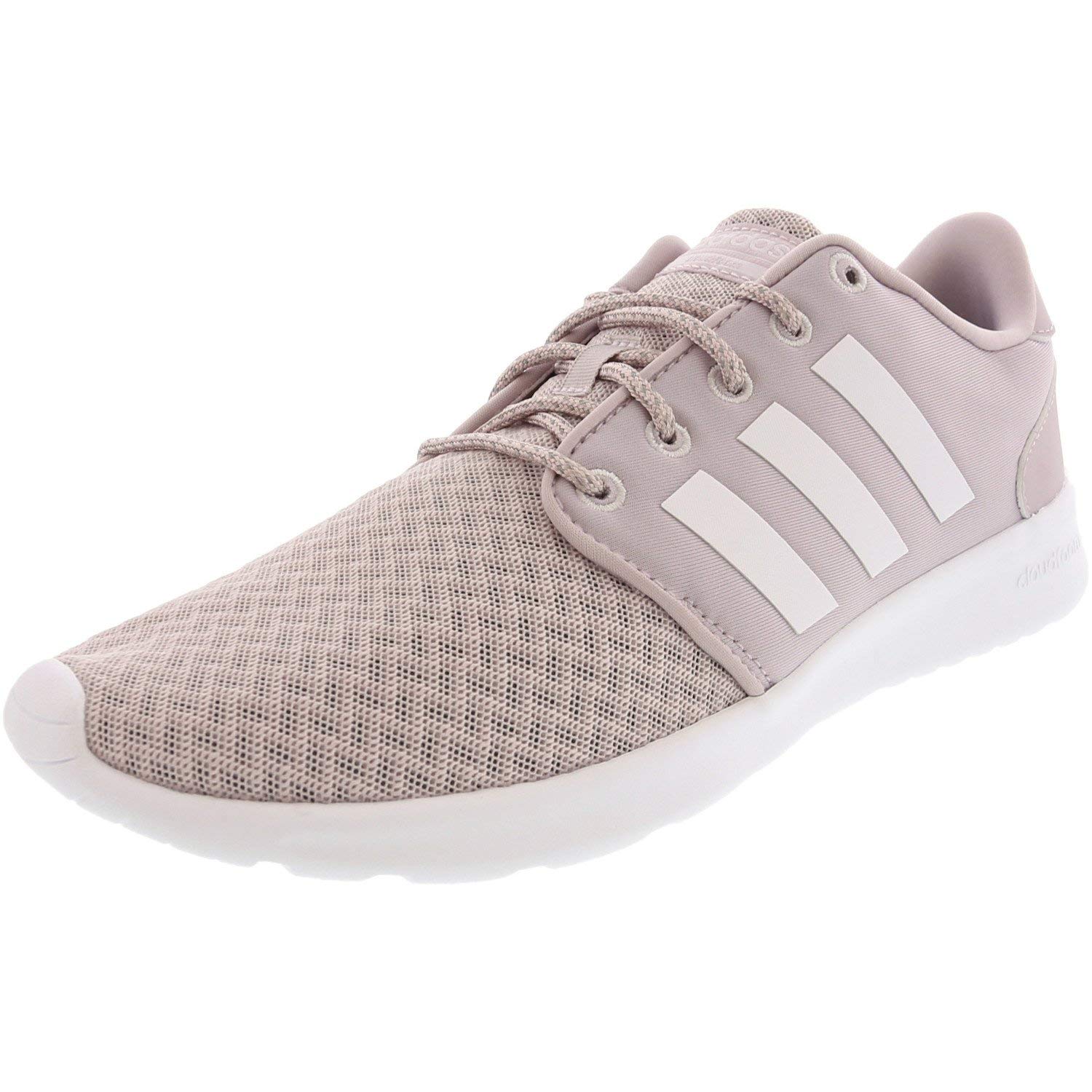 adidas Cloudfoam QT Racer Shoe - Women's Running 10 Ice Purple/White/Light Granite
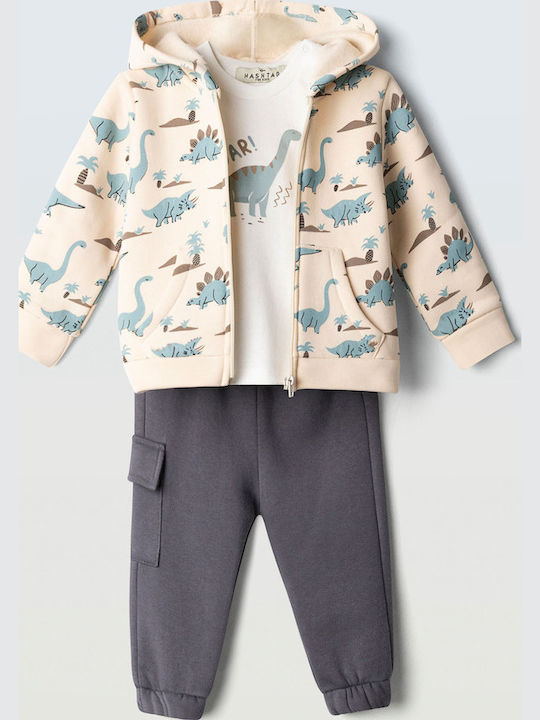 Kids Clothing Set with Pants Summer 2 Pieces Ecru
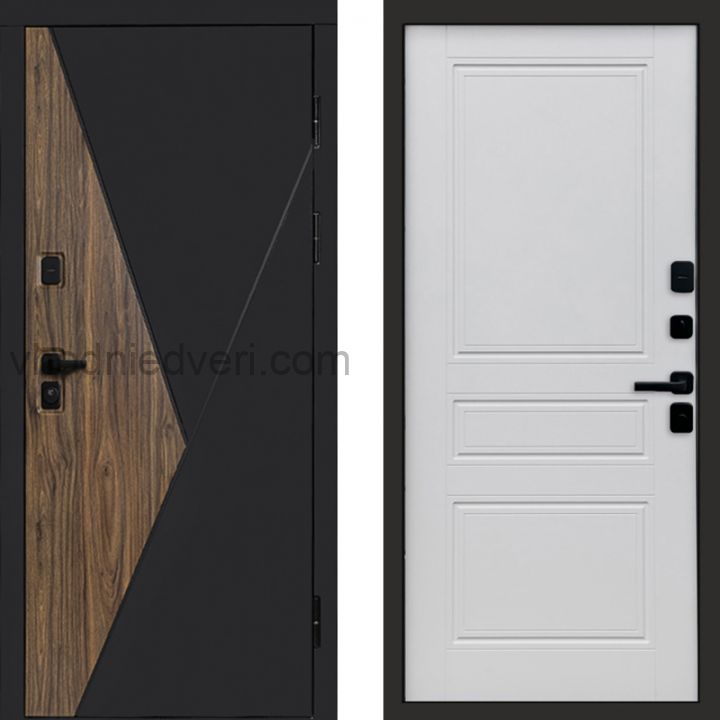 Входная дверь Termo-door Матрикс Дуб - Классик Белый софт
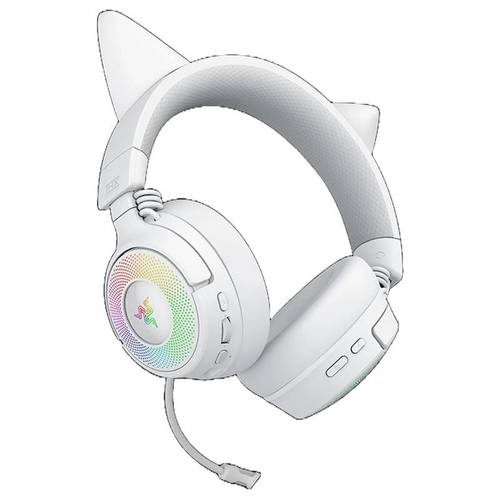 RAZER KRAKEN KITTY V3 – אוזניות גיימינג אלחוטיות לבן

_YOUR OBJECTIVE_.
Copy every line above exactly, leaving no picture in the copy.

_THE COMPLETED TASK_.
 adidas Cloudfoam QT Racer Shoe - Women's Running 10 Ice Purple/White/Light Granite
 Kids Clothing Set with Pants Summer 2 Pieces Ecru
 Входная дверь Termo-door Матрикс Дуб - Классик Белый софт
 RAZER KRAKEN KITTY V3 – אוזניות גיימינג אלחוטיות לבן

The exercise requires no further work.